The answers were not reassuring. The signs were that the doctrinal, cultural, and political differences between the Sunni Hamas and the Shia Hezbollah were being buried in the common cause to destroy Israel. Bashar al-Assad, who has a powerful resemblance to his father—the same high forehead and piercing eyes—had begun to try and steer Syria clear of the theocratic militancy of Iran his father had supported, but in the complex religious map of the region, the al-Assads are members of a minority Shia sect in a predominantly Sunni majority Syria. But increasingly the new power of the Iraqi Shia—65 percent of the population—had allowed Iran to profit enormously from their dominant role in that chaotic country. A Mossad report revealed: “Iraq’s Shia leaders regularly visit Tehran to settle issues such as border security and developing joint energy projects. Iranian businessmen are investing heavily in Iraq’s overwhelmingly Shia southern regions and Iran’s highly skilled intelligence operatives are embedded in Iraq’s nascent security forces and within the Shia militias who rule the streets of Basra.”

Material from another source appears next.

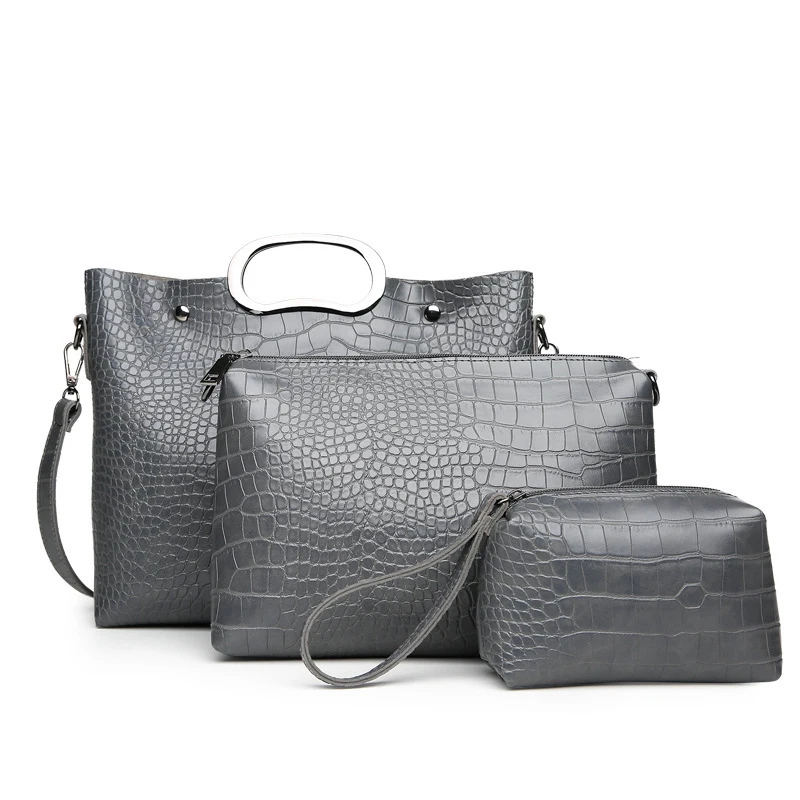 

Luxury Crossbody Bag Crocodile Pattern Shoulder Bags 3PCS Hand Bag Sets For Women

Even more worrying for Israel, Mossad undercover agents reported the growing presence of those spies in the Hezbollah strongholds in the Beka’a Valley. It was there that the organization was believed to have stockpiled its growing supply of missiles and rockets supplied by Iran. One Mossad report put the figure at 18,000. This number included the Katyusha rockets made in Russia, which have a range of fifteen kilometers. More powerful were the Iranian-built Fajr-3 missiles, almost six meters long, which have a range of almost forty kilometers. Most powerful of all were Iran’s version of a Scud missile, the Shabtai-1. They could reach any Israeli city. When Iraqi Scuds rained down on Haifa and Tel Aviv during the Desert Storm conflict in 1991 (see chapter 16, “Spies in the Sand”), hundreds of buildings were destroyed and scores of civilians injured. One of Mossad’s yaholomin, the electronic surveillance units, had picked up conversations between Mahmoud Ahmadinejad and Khalid Meshal in his fortress-like villa in a suburb in the north of Damascus. Meshal, who had survived a Mossad assassination attempt in Amman, Jordan, was now the overall strategist for Hamas and a respected figure within Hezbollah.

Meir Dagan was a good example that much intelligence is anti-historical because it uses stratagems to frustrate the truth as well as unearth it. Facts are often directed toward some distant, unwritten goal, and it is the highest purpose of any intelligence to leave complicity hidden and ambiguous. At the Mossad training school, the Sources and Methods class reminds students that they cannot simply adhere to the historian’s discipline; that a perfect historian must possess an imagination sufficiently powerful to make his narrative affecting and picturesque, but he must control it so absolutely to work only with the material on hand and refrain from supplementing deficiencies with additions of his own. But the class instructor explained that in intelligence work the deficiencies are precisely what is expected to be supplied. “Action cannot wait for certainty. Motive deception will be at the center of their endeavors. They will create situations to draw fact out of the darkness. The art of informed conjecture will be part of their skills, but always to be used within the range of probability. Their writ will confine them to the realm of surmise,” one of the instructors told the author.

Those finely-honed skills had served Meir Dagan well. Now they went into overdrive after Mohammad Khatami, a senior member of the Iranian leadership, in the second week of May described Hezbollah as “the sun of Islam who will soon shine even brighter.” A few days later President Ahmadinejad ended another of his anti-Semitic harangues to a Tehran crowd with the promise: “We shall very soon witness the elimination of the Zionist state of shame.” Was this merely more rabble-rousing rhetoric? Or was it finally the precursor of what Dagan had long predicted: an attack on Israel on two fronts—Hamas in Gaza and Hezbollah coming out of the olive and banana groves of south Lebanon and the Beka’a Valley? And would that be the moment Iran would mobilize its Revolutionary Guards and would al-Qaeda seize the opportunity to marshal its untold numbers of jihadists throughout the Muslim world. To try and find answers Meir Dagan had sent encoded priority signals to Mossad stations across the Middle East to report signs of mobilization. Then he refreshed himself on Hezbollah and its previous methods.